Tuesday, October 1, 2013

Haiku Garden: Lorie Ann Grover

In legend and in literature, ravens get around.  They can be found on every continent and, since ancient times, have featured in cultural lore around the globe.  Most commonly they are symbolized in one of three ways: as a harbinger of death, a prankster, or a prophet.  While most of us are familiar with Edgar Allan Poe's depiction of the raven, William Shakespeare, Charles Dickens, Christopher Marlowe, and even J. R. R. Tolkien have also written about this sometimes-stately, sometimes-wily, sometimes-wise, but always-revered bird.

Add Lorie Ann Grover to the list.  In choosing her subject matter, today's special guest to the Haiku Garden is in excellent literary company.  Lorie Ann tells us, "This was a gorgeous raven I happened upon in Ketchikan.  There is no doubt when you finally see a raven that it is not a crow.  He was huge!"  She's right, of course.  When I did a bit of research, I discovered ravens can be over two feet with a wing span of nearly five feet!  They are also highly intelligent birds, as Lorie Ann discovered when she exchanged more than a mere glance with this one.


We pause to peer with
round eyes into each other
before we pass by.

© 2013 Lorie Ann Grover.  All rights reserved.
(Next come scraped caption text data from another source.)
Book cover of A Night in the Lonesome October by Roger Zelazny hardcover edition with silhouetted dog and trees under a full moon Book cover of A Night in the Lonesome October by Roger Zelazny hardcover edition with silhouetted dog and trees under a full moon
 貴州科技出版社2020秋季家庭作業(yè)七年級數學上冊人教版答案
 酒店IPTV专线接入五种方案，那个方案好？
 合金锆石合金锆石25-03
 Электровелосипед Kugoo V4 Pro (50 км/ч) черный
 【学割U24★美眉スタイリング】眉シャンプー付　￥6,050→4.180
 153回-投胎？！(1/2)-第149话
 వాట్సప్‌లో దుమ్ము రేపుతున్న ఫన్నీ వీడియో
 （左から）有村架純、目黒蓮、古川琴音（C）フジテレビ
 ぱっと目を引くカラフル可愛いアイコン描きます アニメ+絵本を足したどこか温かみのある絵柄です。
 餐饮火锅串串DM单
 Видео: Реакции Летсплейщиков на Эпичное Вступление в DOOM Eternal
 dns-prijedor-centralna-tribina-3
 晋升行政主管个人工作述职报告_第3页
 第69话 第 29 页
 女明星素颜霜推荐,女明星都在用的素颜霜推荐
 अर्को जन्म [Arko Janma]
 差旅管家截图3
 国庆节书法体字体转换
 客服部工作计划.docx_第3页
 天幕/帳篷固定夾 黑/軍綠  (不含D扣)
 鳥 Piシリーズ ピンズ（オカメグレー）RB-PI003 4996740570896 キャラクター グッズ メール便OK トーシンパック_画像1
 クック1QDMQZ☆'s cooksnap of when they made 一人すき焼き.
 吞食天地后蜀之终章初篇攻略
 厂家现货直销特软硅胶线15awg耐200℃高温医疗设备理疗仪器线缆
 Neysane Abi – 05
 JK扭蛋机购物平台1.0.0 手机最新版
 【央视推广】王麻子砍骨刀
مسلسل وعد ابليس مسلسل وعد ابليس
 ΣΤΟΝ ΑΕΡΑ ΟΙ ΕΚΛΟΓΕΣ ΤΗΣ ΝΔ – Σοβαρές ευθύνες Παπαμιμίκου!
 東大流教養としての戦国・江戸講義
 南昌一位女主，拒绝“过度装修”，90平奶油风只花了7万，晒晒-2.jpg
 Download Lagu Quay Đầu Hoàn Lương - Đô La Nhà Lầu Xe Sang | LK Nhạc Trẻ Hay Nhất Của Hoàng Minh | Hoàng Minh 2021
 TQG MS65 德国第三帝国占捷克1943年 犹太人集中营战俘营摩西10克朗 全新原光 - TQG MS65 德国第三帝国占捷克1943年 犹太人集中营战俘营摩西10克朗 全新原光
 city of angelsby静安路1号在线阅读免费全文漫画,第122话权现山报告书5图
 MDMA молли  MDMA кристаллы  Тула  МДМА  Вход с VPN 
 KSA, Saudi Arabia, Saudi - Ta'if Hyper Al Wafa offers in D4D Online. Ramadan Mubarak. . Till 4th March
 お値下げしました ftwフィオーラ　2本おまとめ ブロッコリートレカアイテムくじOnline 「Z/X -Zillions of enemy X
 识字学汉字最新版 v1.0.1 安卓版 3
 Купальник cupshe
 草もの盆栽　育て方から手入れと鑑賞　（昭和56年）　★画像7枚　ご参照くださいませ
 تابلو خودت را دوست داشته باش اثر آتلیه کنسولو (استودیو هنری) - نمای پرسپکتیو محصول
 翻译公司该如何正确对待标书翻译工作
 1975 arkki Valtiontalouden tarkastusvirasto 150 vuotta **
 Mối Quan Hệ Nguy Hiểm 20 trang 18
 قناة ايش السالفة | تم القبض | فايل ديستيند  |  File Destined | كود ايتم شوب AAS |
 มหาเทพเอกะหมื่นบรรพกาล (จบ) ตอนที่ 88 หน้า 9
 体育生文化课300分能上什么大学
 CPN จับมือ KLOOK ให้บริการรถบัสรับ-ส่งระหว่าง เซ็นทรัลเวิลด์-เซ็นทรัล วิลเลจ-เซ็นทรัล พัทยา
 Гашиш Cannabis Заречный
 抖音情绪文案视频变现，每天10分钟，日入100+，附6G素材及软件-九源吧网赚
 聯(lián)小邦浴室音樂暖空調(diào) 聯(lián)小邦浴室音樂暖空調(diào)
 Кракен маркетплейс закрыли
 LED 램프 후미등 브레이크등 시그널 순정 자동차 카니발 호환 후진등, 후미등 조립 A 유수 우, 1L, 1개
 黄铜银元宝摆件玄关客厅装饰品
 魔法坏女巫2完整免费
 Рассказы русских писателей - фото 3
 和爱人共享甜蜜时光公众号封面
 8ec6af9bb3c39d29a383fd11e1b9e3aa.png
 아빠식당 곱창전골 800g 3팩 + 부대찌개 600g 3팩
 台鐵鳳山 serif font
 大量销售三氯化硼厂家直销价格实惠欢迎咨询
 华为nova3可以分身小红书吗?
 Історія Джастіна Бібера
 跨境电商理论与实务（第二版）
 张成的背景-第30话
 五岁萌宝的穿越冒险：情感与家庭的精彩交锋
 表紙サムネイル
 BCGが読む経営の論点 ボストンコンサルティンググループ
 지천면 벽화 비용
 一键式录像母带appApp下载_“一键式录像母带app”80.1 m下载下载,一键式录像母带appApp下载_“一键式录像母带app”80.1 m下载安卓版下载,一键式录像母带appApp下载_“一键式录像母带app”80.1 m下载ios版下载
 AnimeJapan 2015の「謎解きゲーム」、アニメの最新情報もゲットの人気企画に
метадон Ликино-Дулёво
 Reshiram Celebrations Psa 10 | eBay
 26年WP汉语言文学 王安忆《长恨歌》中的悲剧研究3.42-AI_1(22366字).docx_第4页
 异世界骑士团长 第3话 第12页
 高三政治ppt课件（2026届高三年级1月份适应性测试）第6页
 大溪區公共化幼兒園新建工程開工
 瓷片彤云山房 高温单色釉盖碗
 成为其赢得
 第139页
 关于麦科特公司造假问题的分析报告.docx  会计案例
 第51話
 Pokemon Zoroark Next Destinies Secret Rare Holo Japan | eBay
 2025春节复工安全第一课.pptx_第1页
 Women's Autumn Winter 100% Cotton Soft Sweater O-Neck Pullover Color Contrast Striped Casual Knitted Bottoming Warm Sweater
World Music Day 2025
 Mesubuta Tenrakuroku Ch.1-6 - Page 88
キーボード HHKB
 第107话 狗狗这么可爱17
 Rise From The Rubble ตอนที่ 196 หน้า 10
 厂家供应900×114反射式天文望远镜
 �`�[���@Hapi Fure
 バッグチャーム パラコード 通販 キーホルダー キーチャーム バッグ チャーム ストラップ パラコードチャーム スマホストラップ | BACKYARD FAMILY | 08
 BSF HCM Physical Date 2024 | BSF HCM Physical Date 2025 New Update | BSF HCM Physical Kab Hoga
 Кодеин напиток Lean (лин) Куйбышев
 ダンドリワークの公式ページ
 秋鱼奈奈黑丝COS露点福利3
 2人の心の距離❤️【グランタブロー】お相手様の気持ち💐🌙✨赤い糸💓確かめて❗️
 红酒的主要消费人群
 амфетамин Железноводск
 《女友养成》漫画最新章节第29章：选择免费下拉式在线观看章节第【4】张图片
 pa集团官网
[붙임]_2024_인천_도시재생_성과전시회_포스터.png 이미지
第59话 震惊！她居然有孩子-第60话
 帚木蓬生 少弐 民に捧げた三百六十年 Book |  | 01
I so admire Lorie Ann's talent for shedding new light on what might otherwise appear commonplace, and for encouraging readers to think about things more deeply, or from a different angle or perspective.  Please visit her blog, On Point: writing through life, to read more of her thought-provoking haiku and to discover her other talents as an author/illustrator.  Lorie Ann is also the co-founder of the award-winning readergirlz, a literacy and social media project for teens, and of readertotz, raising the profile of board books for the youngest readers.

Thank you for providing us with today's little ditty, Lorie Ann!  It's a pleasure having you here.  


  1. Thank you so much, Michelle! You are very kind to share my words with such gracious words of your own. xox

  2. This is a wonderful haiku, Lorie Ann! Thanks for sharing with us, Michelle!